National Identity, Popular Culture and Everyday Life

By Tim Edensor | Go to book overview

6
Exhibiting National Identity at the Turn of
the Millennium

‘Self-Portrait’ at the Millennium Dome

The Millennium Dome was the national flagship of the millennial celebrations in 2000. Designed to mark the year 2000, and simultaneously provide a celebratory assessment of the contemporary character of the nation, the project seemed to hark back to other grand projects, notably the Festival of Britain in 1950 and the Great Exhibition of 1851. However, the Dome was immediately and continuously surrounded by mockery and criticism, and, as the year went on, to increasing opprobrium. A momentum gathered which allowed few avenues for acclaiming the attraction. It became something of a byword for overweening ambition, and for the ineptitude and self-aggrandisement of the ministers who had so vigorously promoted it and continued to defend it.

This is not the place to go into an in-depth discussion about why the Millennium Dome proved such a fiasco; but a brief contextualisation is needed. The criticisms were fulsome, many arguing that the ensemble of contents in the Dome inevitably produced a senseless jumble of ideas. Others contended that the project should have resembled a conventional theme park. Many maintained that the money would have been better spent on more local, modest projects. And the content of the building, the ideas and displays, were surely compromised by the imperatives of the corporate sponsors, who tended to remove politically sensitive notions and foreground commercial messages about company virtues. There was, it was widely believed, a wholesale ‘dumbing down’ which resulted in a series of mediocre attractions.

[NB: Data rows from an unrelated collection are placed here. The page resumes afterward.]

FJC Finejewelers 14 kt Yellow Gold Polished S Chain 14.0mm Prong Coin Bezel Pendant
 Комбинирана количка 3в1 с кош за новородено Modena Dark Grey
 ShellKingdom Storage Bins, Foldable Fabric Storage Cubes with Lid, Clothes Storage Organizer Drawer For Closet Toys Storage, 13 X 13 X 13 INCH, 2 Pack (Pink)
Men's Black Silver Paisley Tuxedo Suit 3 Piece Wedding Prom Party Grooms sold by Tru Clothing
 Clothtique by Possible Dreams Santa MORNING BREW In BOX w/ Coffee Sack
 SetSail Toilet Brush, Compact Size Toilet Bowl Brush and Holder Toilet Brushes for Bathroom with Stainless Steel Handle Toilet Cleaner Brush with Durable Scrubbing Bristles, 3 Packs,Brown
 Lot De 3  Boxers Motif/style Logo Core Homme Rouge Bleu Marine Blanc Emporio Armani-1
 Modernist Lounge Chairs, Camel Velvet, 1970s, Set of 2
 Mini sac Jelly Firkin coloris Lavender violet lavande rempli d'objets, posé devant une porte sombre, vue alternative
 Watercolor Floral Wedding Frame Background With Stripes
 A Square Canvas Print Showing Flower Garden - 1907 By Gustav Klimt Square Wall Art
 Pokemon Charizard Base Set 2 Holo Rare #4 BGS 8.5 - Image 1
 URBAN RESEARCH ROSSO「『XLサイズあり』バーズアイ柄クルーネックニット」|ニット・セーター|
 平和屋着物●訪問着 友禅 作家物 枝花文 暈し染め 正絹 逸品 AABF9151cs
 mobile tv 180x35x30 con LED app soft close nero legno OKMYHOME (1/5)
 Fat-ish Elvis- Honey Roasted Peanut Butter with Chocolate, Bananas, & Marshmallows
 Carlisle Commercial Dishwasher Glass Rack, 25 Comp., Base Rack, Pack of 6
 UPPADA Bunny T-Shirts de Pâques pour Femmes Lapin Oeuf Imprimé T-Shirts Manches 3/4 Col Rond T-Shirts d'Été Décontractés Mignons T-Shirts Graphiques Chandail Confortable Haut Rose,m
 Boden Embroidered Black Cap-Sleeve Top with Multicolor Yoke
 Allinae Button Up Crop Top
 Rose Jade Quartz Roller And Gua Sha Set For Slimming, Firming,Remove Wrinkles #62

My own opinion is that a grand project on a scale such as this is no longer feasible. Whilst previous exhibitions have managed to persuade most visitors that there was a coherent British national identity, widely recognisable if not shared by all, such an ambition is no longer possible because national identities are fragmenting, as I have tried to argue throughout this book. The elements of national identity, the familiar signifiers, rituals and fixtures, have not disappeared but have proliferated through popular culture and in the diversification of everyday lives. There could therefore, be no singular approach to a project like the Dome.